ManœuvresSémaphore pour l’espace public

Prière de m’écouter, de me sentir, de me gouter, de me toucher.

La sensorialité et l’expérience émotionnelle sont-elles négligées dans la conception de l’espace public?

Parc

L’espace urbain donne lieu à une large variété de stimulations sensorielles et émotionnelles. Le ressenti dans l’espace public ne s’arrête pas aux sensations qui font appel aux cinq sens, mais il comprend également des émotions, des sentiments, des imaginaires individuels et collectifs. L’atmosphère ou l’ambiance qui émane de l’espace public découle directement de la sphère des émotions.

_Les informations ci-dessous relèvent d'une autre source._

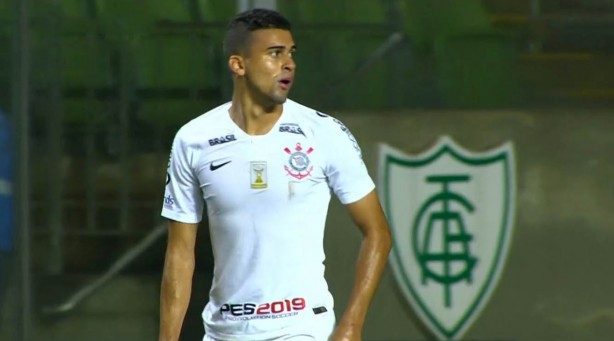 Lo Santos foi um dos titulares do Corinthians neste sbado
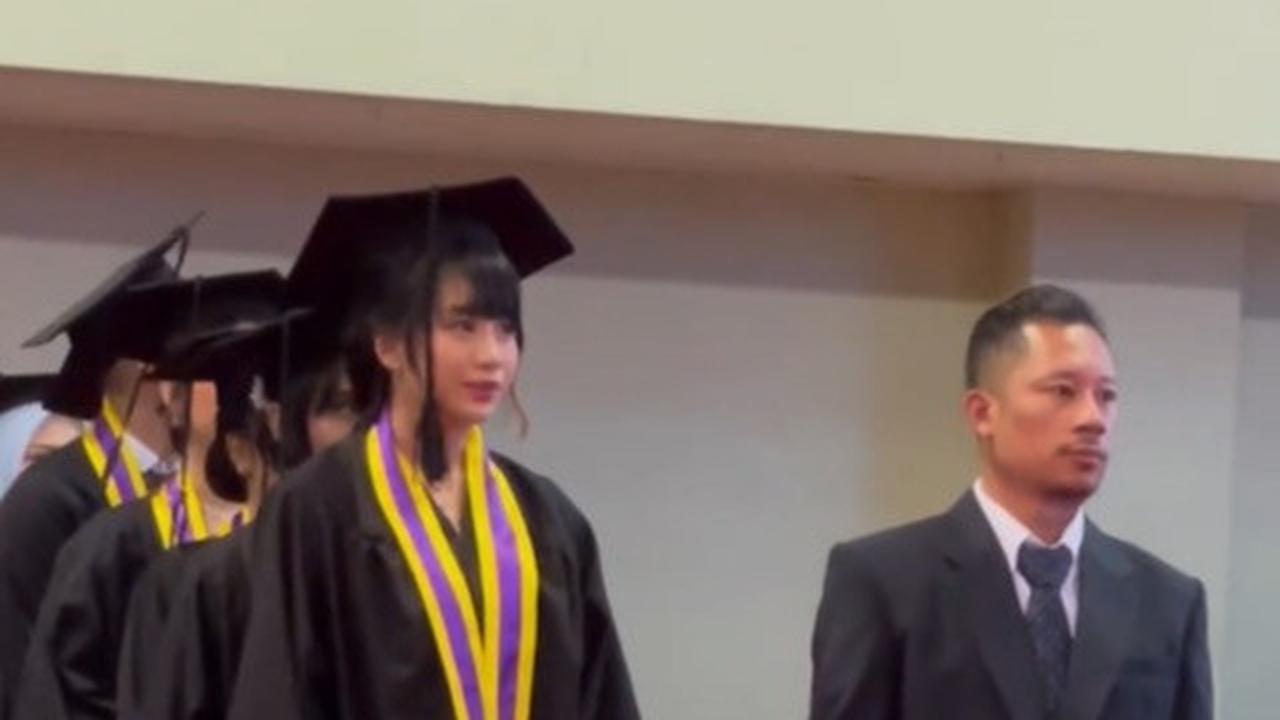 Ketika wisuda, Zela memiliki <i>privilege </i>untuk membacakan sambutan wisudawan di depan banyak mahasiswa. Ia rupanya juga menjalani wisuda bersama dengan penyanyi terkenal, Ghea Indrawari.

On parlera d’une ambiance chaleureuse, conviviale ou froide et hostile, d’un sentiment de liberté, de lieux « stimulants », « reposants » ou encore « oppressants », d’un sentiment d’attachement et d'appartenance, d’un rapport esthétique ou symbolique, en particulier en lien avec la nature (liberté, évasion, lien à la terre, refuge), comme la présence de l’eau qui incarne la quiétude, le calme, l’apaisement et la tranquillité, ou au contraire à des aspects négatifs qui génèrent de la colère face aux espaces morts liés, par exemple, aux infrastructures routières.

Comme monde sensible, l’espace public est à la fois vécu, représenté, ressenti et imaginé. Chacun.e fait l’expérience du paysage urbain selon son bagage social, culturel, intellectuel, personnel, ses sens et ses émotions, et ce de façon consciente ou pas. La répétition de certains sons oriente notre interaction quotidienne avec l’environnement bâti et inscrit notre expérience spatiale dans une temporalité. Les odeurs inhabituelles nous interpellent, évoquant des souvenirs et dirigeant ou déviant notre activité dans l’espace. Bien que moins manifestes, le goût, le toucher et les autres modalités de perception comme la chronoception ou la thermoception, ont un rôle tout aussi important dans la captation des caractéristiques d’un espace et dans l’altération de notre rapport à l’environnement bâti. Ainsi, les émotions et les sensations conditionnent notre expérience de l’urbanité et la dynamique de notre collectivité.

Ces réflexions invitent à considérer comment nos sens et nos perceptions peuvent influencer la manière dont on vit et pense nos espaces publics. La posture technique et fonctionnaliste adoptée pour l’aménagement de l’espace public limite l’influence des considérations de la ville vécue, représentée et ressentie dans les processus décisionnels. Les représentations, sentiments, sensations et émotions restent des critères généralement marginaux dans la conception des espaces. On peut dès lors s’interroger sur la place accordée aux dimensions fondamentalement humaines que sont les sensations et les sentiments dans la conception de l’espace public ? Est-ce même un enjeu abordé par les parties prenantes à ce processus ? Le cas échéant, quels sens prédominent dans les démarches d’aménagement des espaces publics ? S’agit-il seulement de la vue qui se présente comme le sens principal dans notre rapport à l’environnement urbain ?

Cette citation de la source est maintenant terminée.